[Entries provided]
Content starts

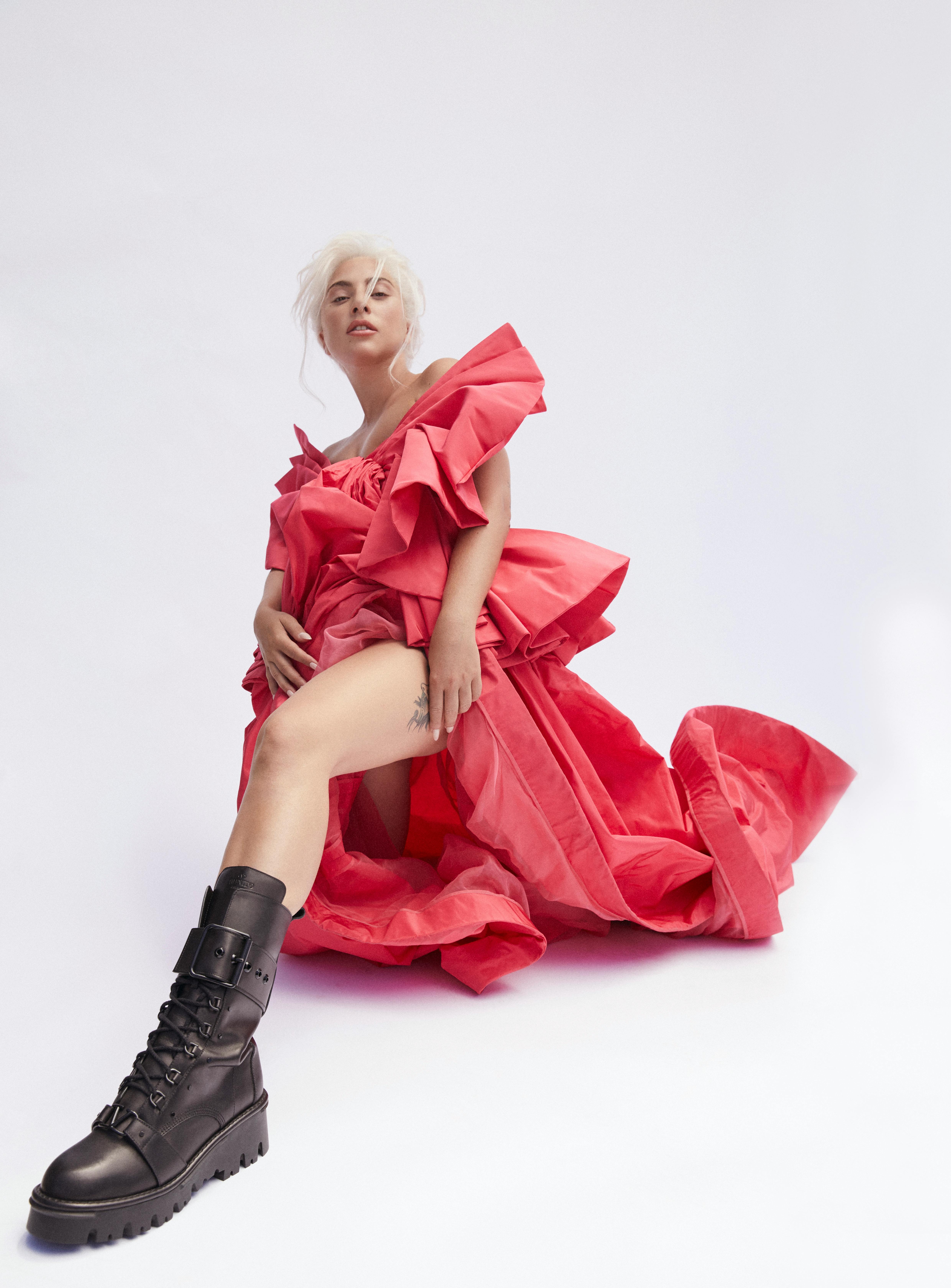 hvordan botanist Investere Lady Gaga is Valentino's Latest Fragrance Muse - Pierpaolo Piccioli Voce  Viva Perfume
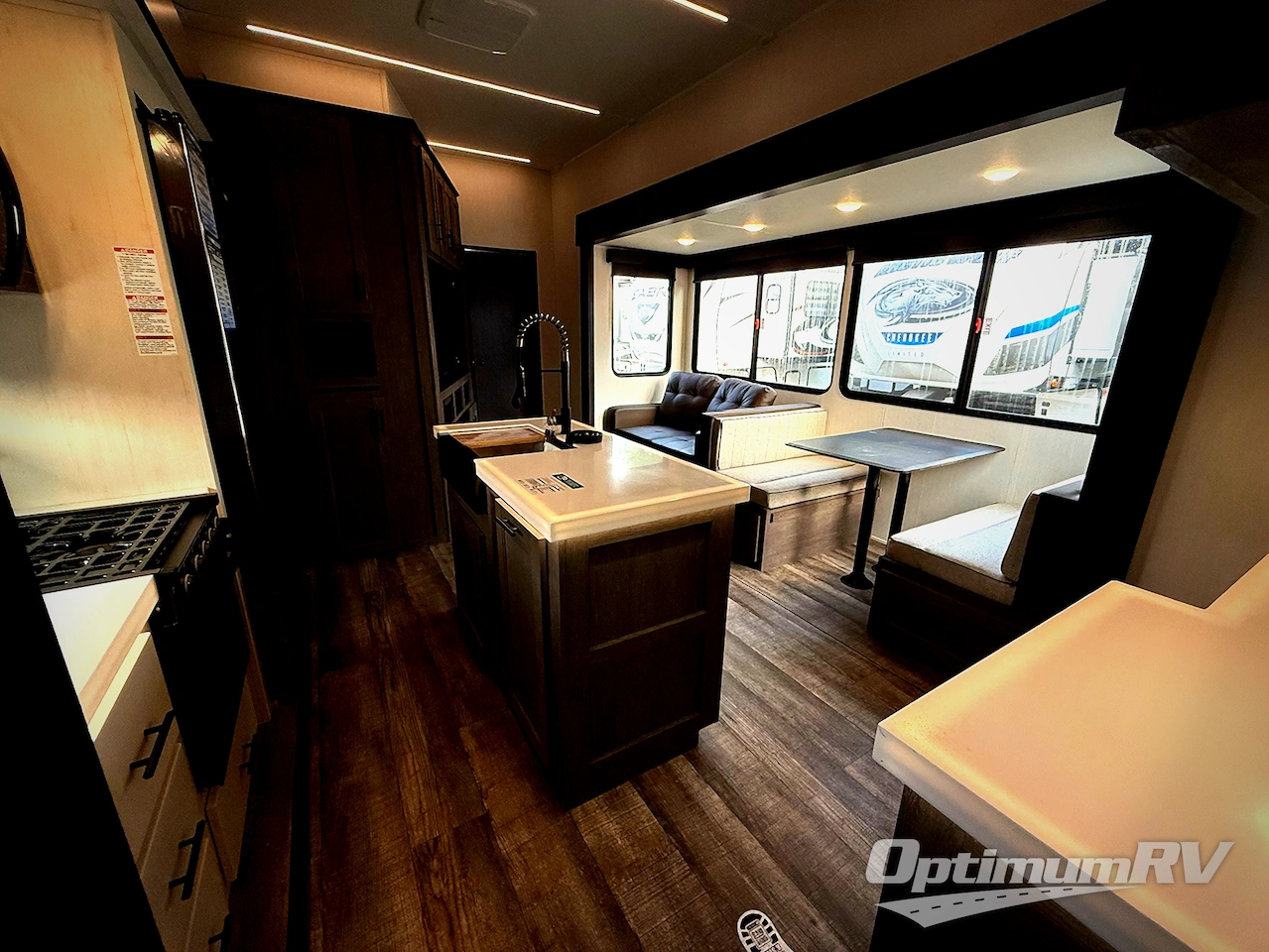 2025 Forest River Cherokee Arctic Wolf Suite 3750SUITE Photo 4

Content ends
Content starts

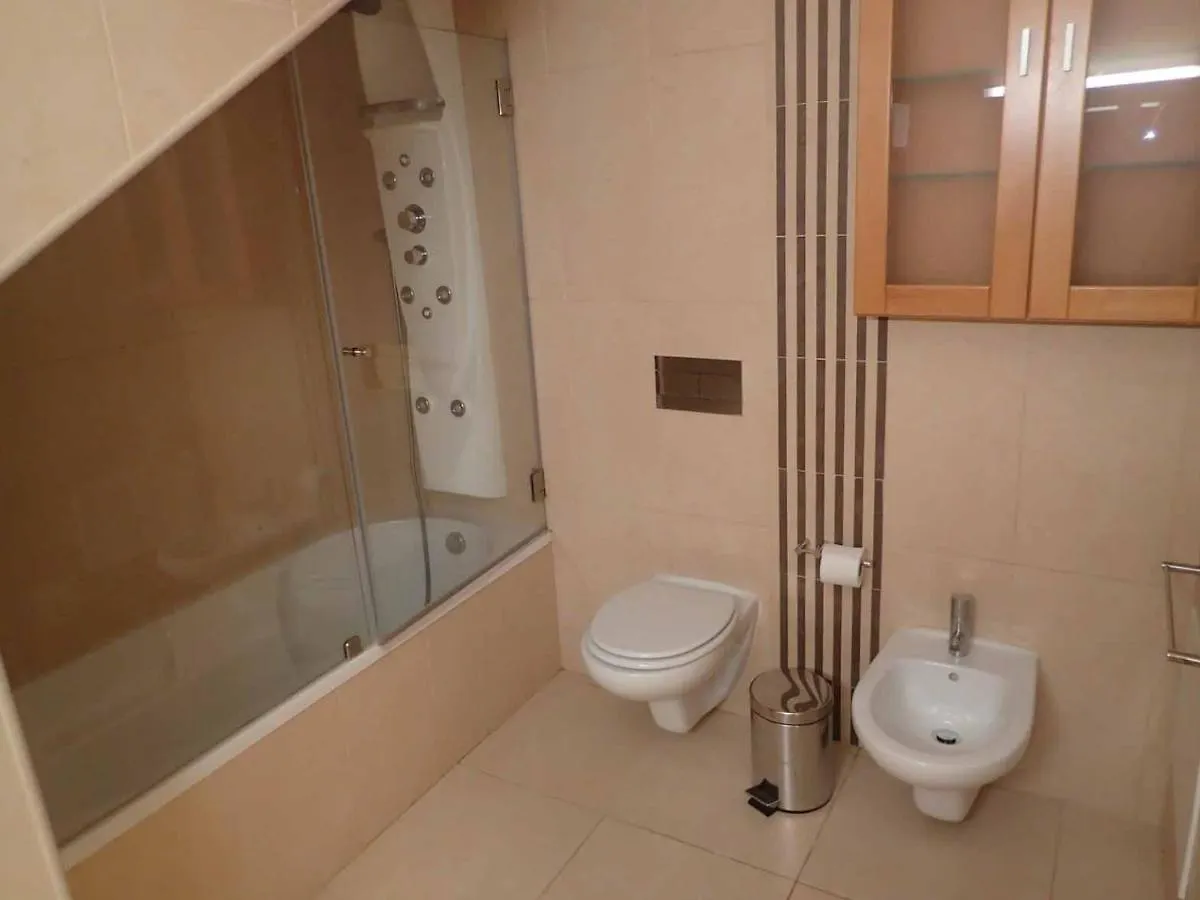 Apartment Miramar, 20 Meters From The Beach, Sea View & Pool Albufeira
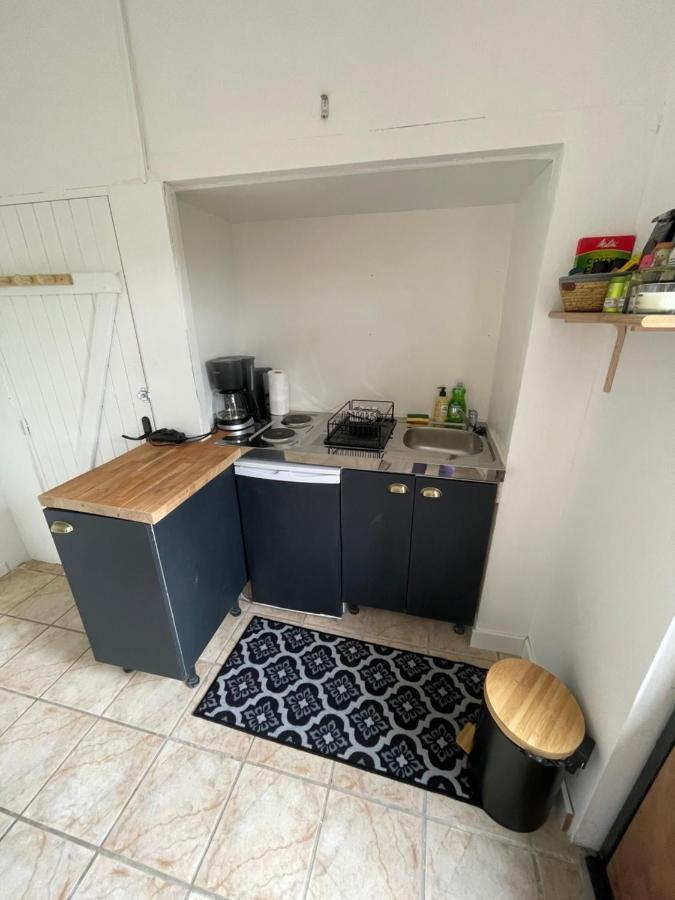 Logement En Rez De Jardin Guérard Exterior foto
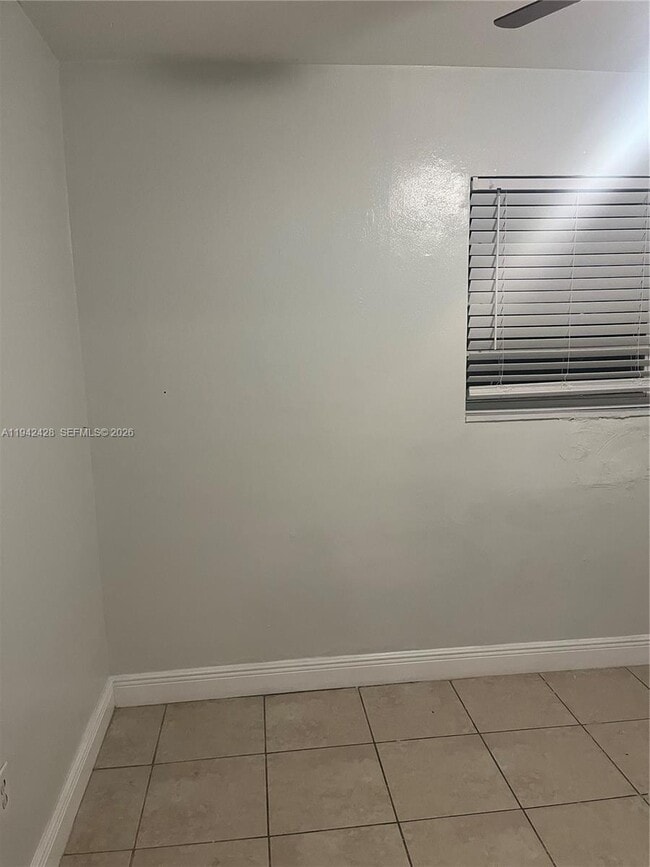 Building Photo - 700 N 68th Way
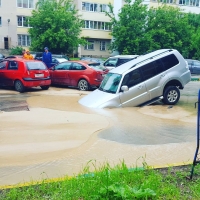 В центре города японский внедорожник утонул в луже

Content ends
Content starts

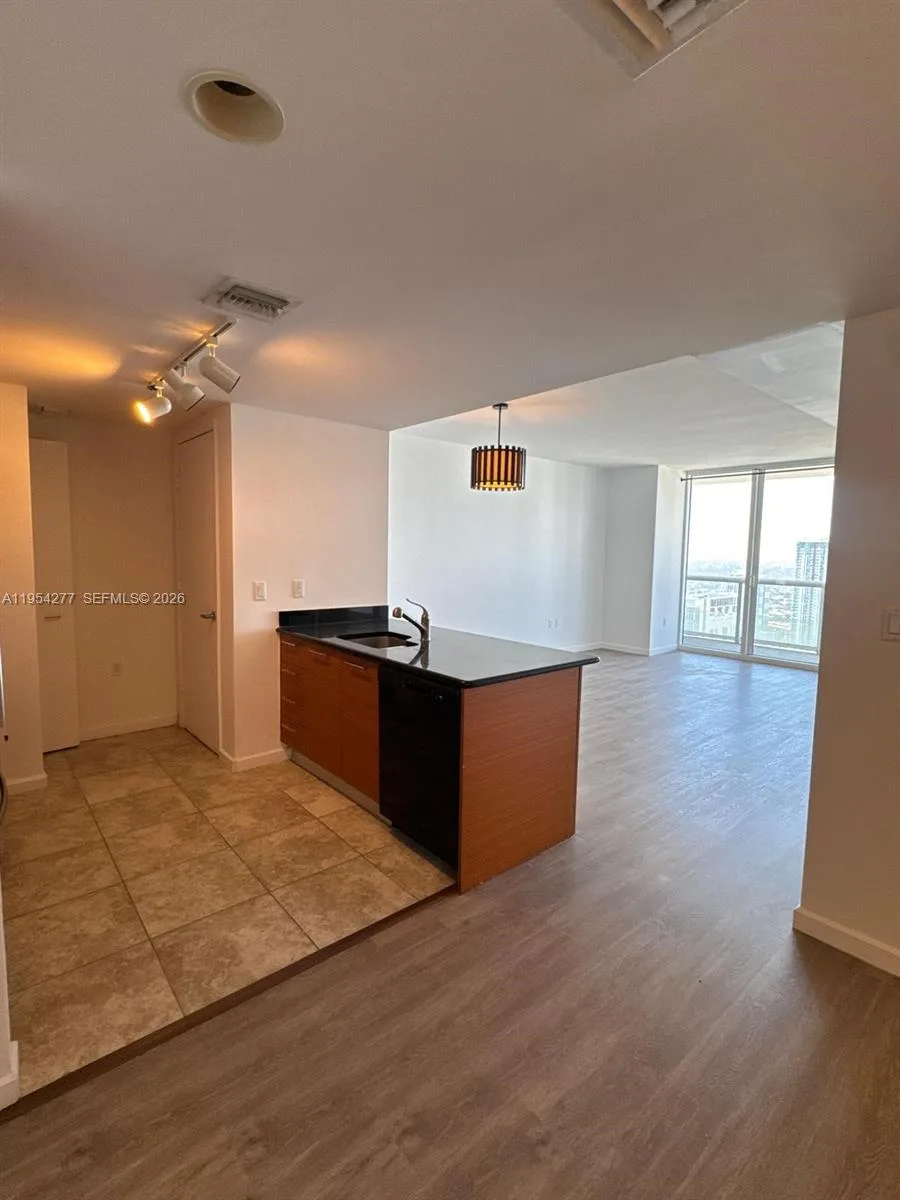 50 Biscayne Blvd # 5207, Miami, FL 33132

Content ends

[Task prompt] Copy the listing above exactly, but only from the line with "hvordan botanist Investere" through the line with "2025 Forest River", including those two lines and excluding any picture.

[Solution to the problem]
 hvordan botanist Investere Lady Gaga is Valentino's Latest Fragrance Muse - Pierpaolo Piccioli Voce  Viva Perfume
 2025 Forest River Cherokee Arctic Wolf Suite 3750SUITE Photo 4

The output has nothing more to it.